◆ **To do**
Drop all images. Then write out each line below exactly as given.

◆ **Available data**
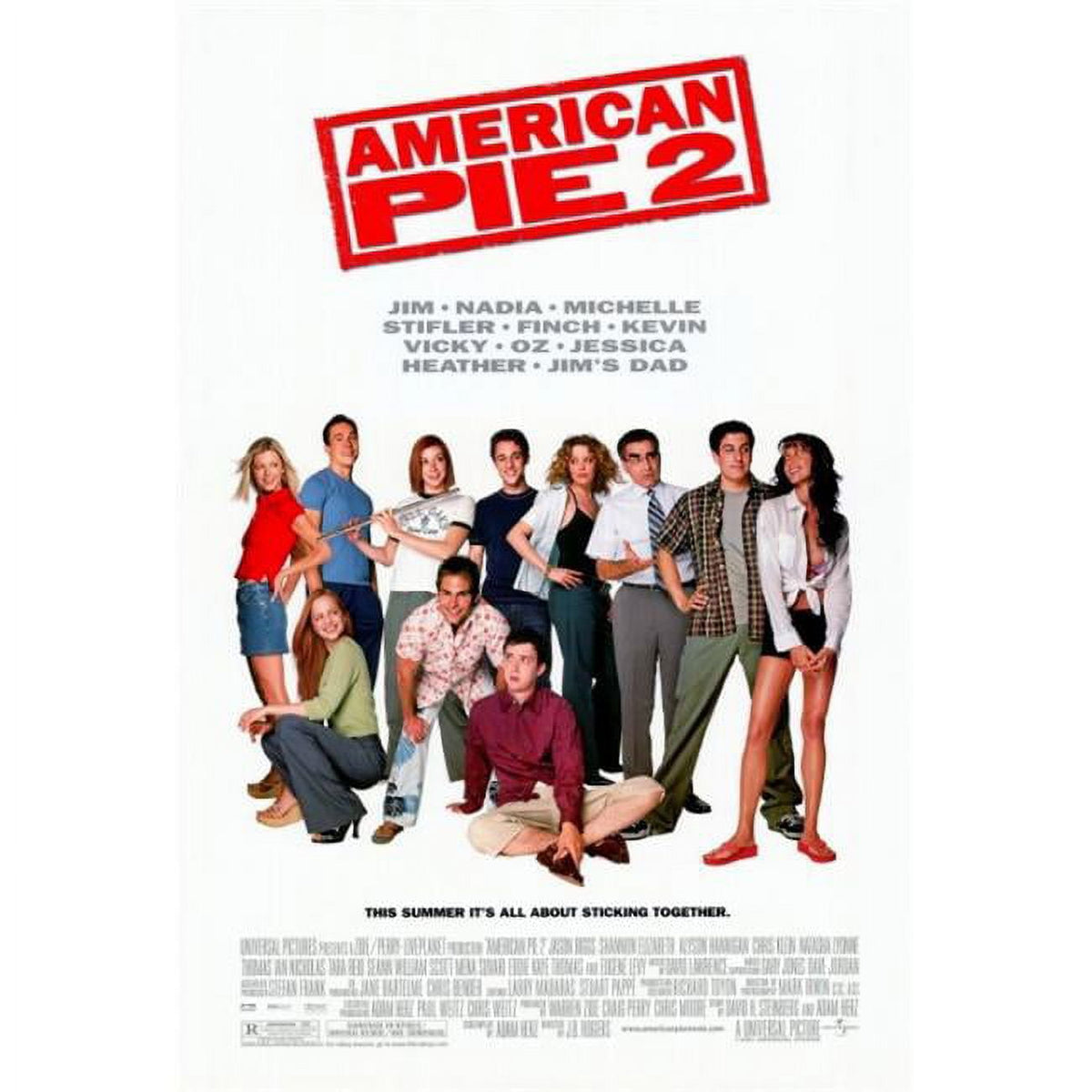 American Pie 2 Movie Poster Print - 27x40 inch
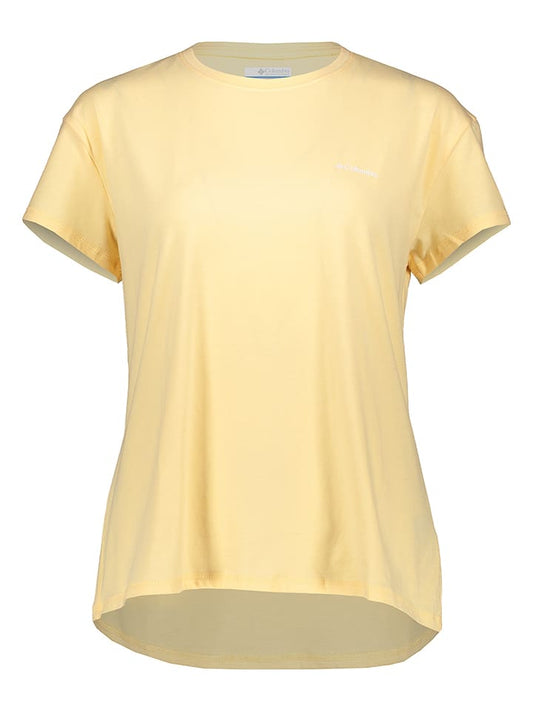 Columbia Performance Shirt Yellow Women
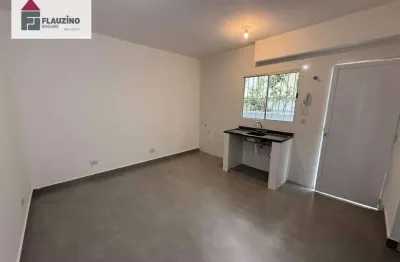 Kitnet com 1 dormitório para alugar, 20 m² por r$ 1.200,00/mês - vila das belezas - são paulo/sp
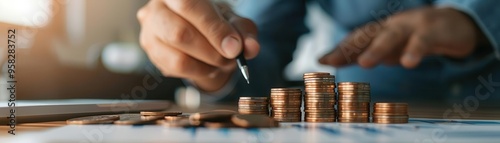 Analyze the benefits of long-term investment strategies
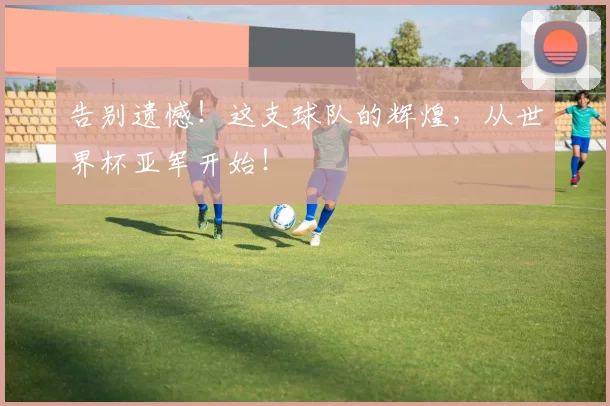 告别遗憾！这支球队的辉煌，从世界杯亚军开始！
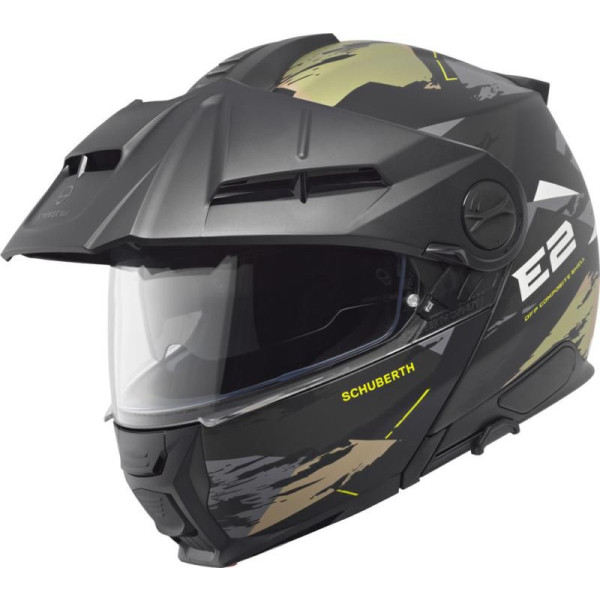 Schuberth E2 trail green 53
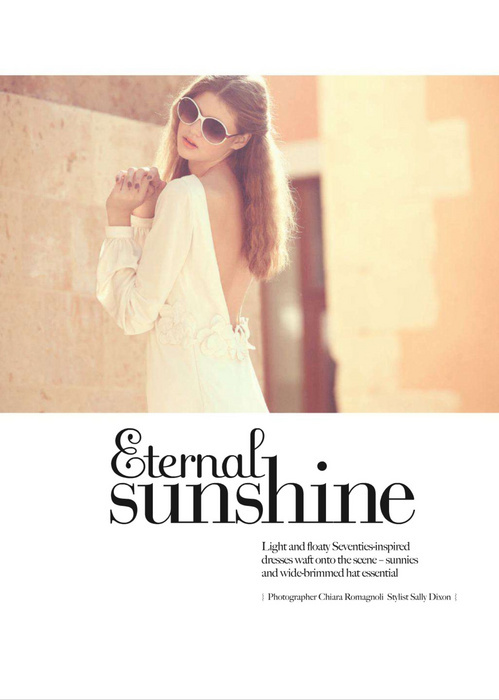 Gerda žurnale “Cosmopolitan Bride”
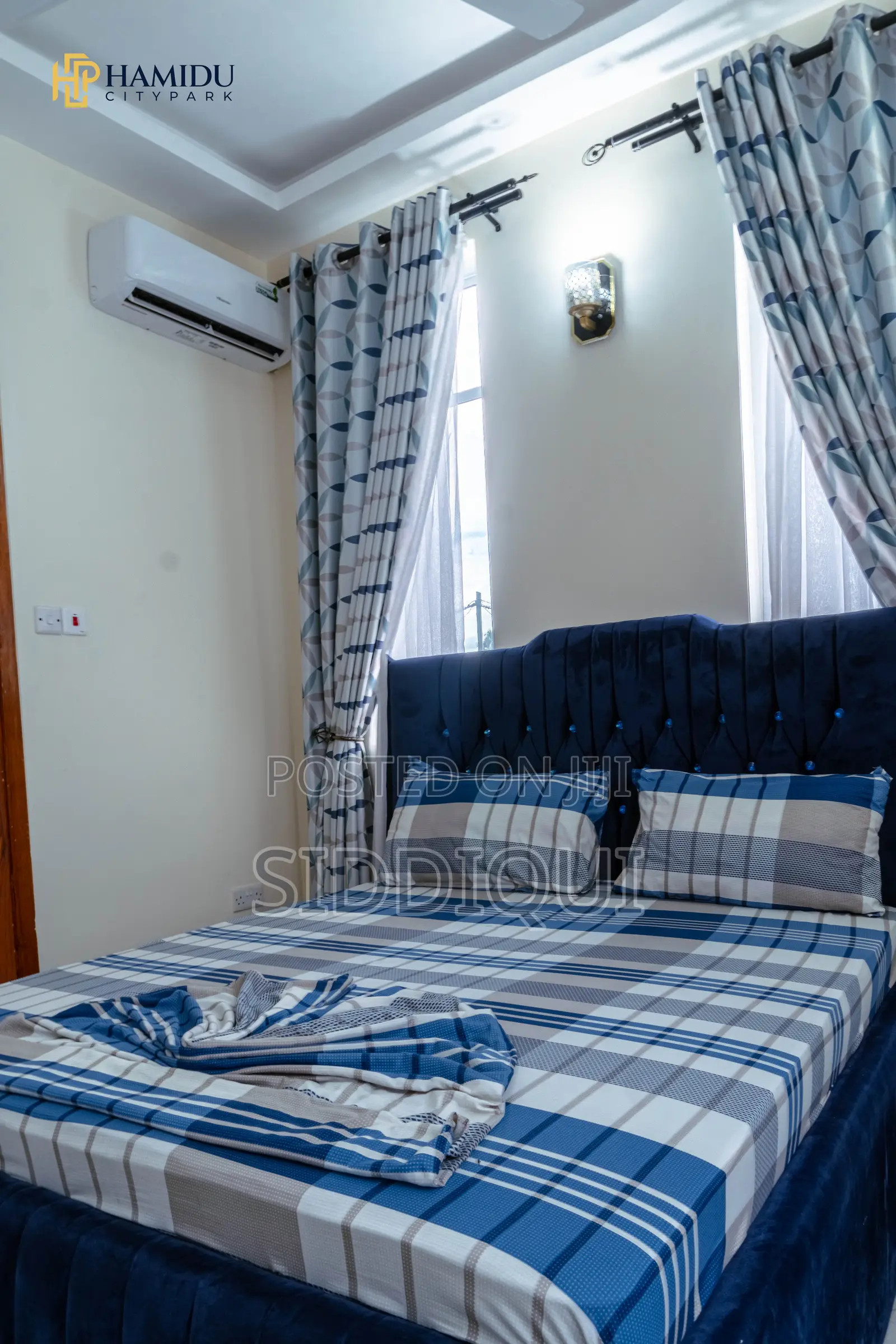 Furnished 2bdrm House in Hamidu City Park, Kigamboni for rent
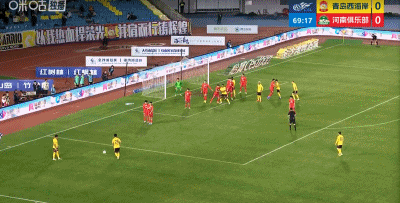 中超第7轮青岛西海岸0-0河南 战平关键球员多次错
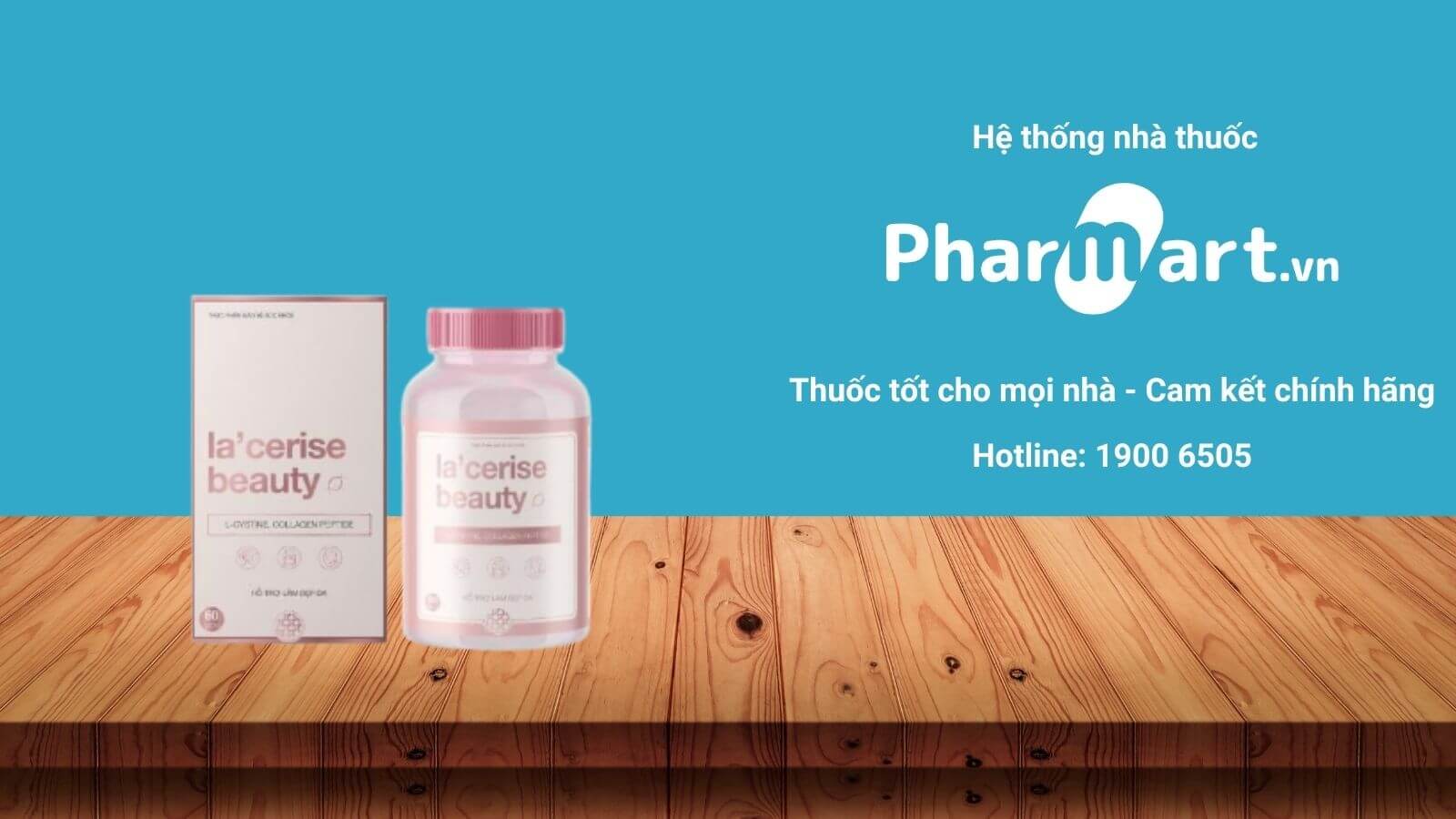   Liên hệ Pharmart.vn để đảm bảo mua hàng chính hãng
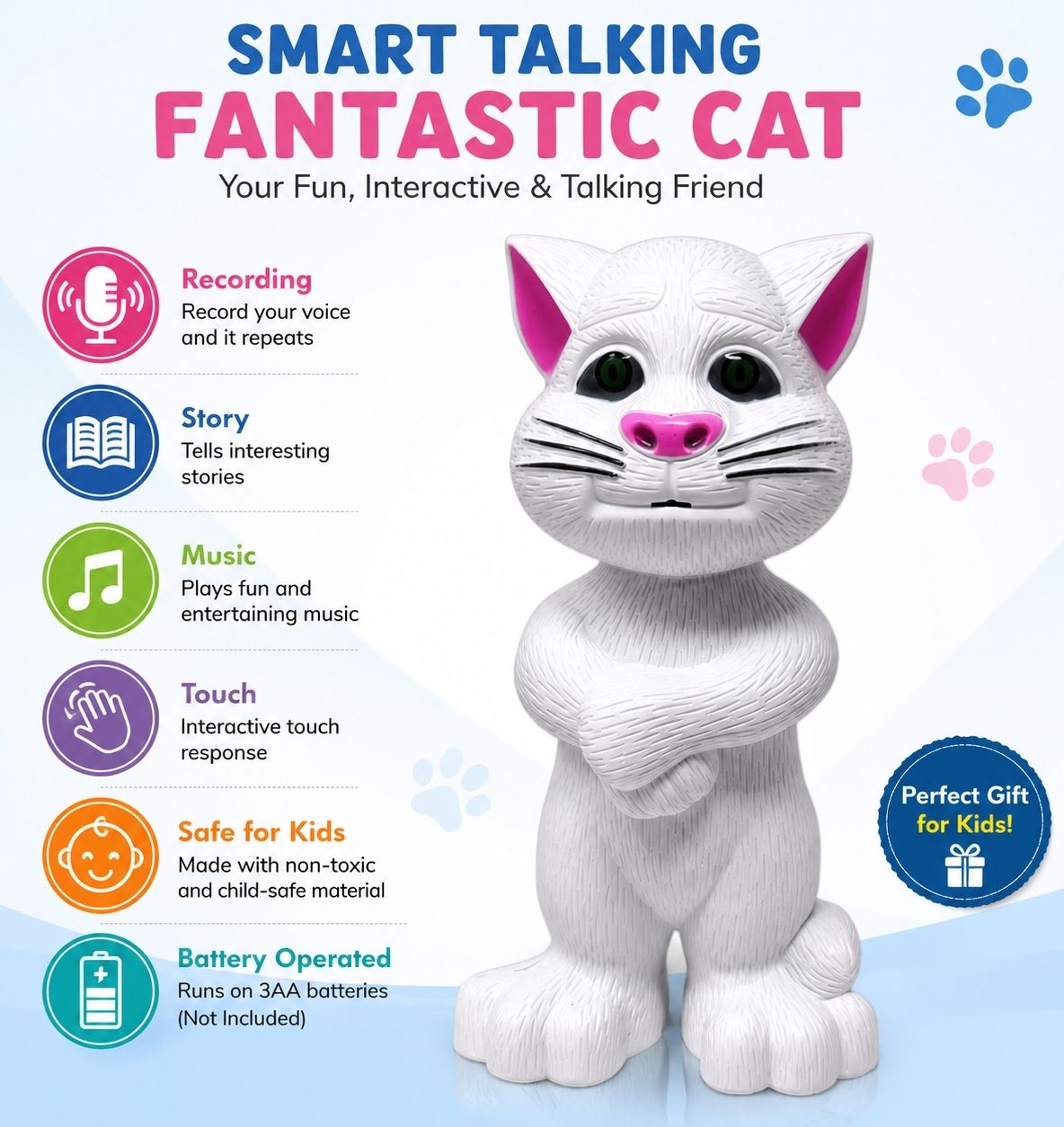 rumicollections Smart Talking Fantastic Cat-picture-46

◆ **Written answer**
 American Pie 2 Movie Poster Print - 27x40 inch
 Columbia Performance Shirt Yellow Women
 Kitnet com 1 dormitório para alugar, 20 m² por r$ 1.200,00/mês - vila das belezas - são paulo/sp
 Analyze the benefits of long-term investment strategies
 告别遗憾！这支球队的辉煌，从世界杯亚军开始！
 Schuberth E2 trail green 53
 Gerda žurnale “Cosmopolitan Bride”
 Furnished 2bdrm House in Hamidu City Park, Kigamboni for rent
 中超第7轮青岛西海岸0-0河南 战平关键球员多次错
   Liên hệ Pharmart.vn để đảm bảo mua hàng chính hãng
 rumicollections Smart Talking Fantastic Cat-picture-46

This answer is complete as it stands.